Missed the Etape this year? France a bit too far? In September you get a chance to ride a stage of another professional bike race, and you don’t have to leave the shores of Blighty to do it.
This year’s edition of the Tour of Britain sees stages dotted around the country, from Yorkshire to London, with two stages available as ‘Tour Ride’ sportives in ‘pro’ and ‘challenge’ varieties. Longest and hardest is the South-West Pro Ride - a 175km coast-to-coast epic across the surprisingly severe hills of Devon and Somerset - highly recommended if you want a serious sportive test-piece before the end of the season.
The South-West Pro Ride kicks off in Minehead, on the north Somerset coast. It’s a flat start, but after just a few miles the route heads straight into the chunky landscape of Exmoor National Park culminating in an ascent of Lype Hill. This will be a brutal beginning: from sea-level to 400m in about 16 miles. The pros will be going for King of the Mountains points here, but sportivistes with an eye on the long game may want to take it steady.
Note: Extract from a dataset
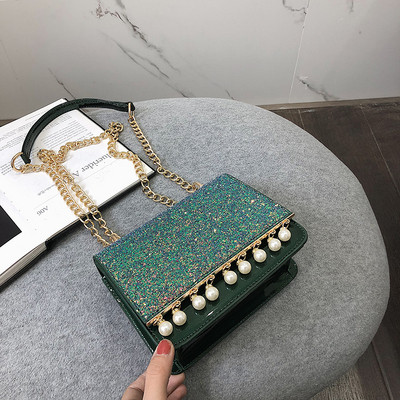 Κομψή γυναικεία τσάντα σε τέσσερα χρώματα με λαμπερά στοιχεία και διακοσμητικά μαργαριτάρια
The route then heads back to the coast, and through the charming little port of Watchet, before going inland for good and aiming for the second big climb of the day: the crest of the Brendon Hills. Once again, the ascent is from sea-level up to about 400m, this time in about 13 miles. We may be in Exmoor but this is definitely no stroll in the park.
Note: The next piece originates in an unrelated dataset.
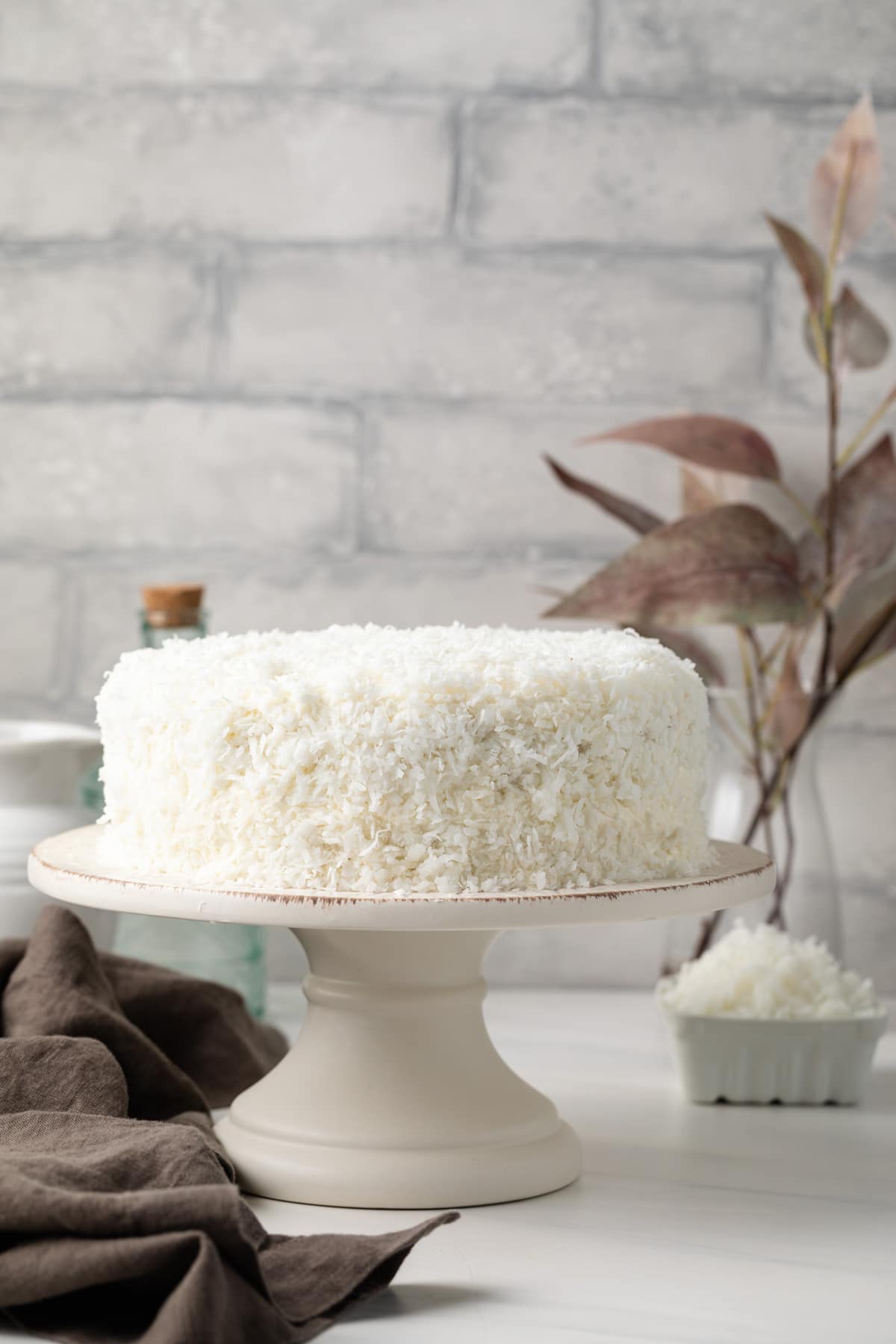 Coconut cake on a cake stand.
And that sets the scene for the day. Although the two biggest climbs are done and dusted, the route is relentlessly hilly, rollercoasting across the Westcountry. There’s a bit of respite as the roads wind through Wivelscombe and Wellington, but then come the Blackdown Hills, a serious set of ups and downs before a welcome descent into Honiton.
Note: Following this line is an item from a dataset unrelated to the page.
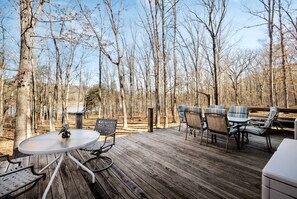 A wooden deck with a round table and chairs, surrounded by trees.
Then it’s climbing again, over yet more hills before reaching the sea once more, this time on the south coast at Sidmouth. This is another charming port-town, but most riders won’t be thinking of the view. That’s because the route then tackles the harshest climb of the day, the appropriately named Peak Hill. And now even sportive-riders get to play King of the Mountains: split times will be recorded on the steepest bit: a 1km stretch of 20% gradient. Coming at about 130km into the ride, it’ll be a killer.
A quick descent to Otterton is followed by another stiff climb as the route heads towards Exeter, then a mercifully flat(ish) bit beside the Exe Estuary. But just when the finish is in sight there’s a steep little rise out of Dawlish. Any legs still with energy will surely be sapped by this final sting in the tail.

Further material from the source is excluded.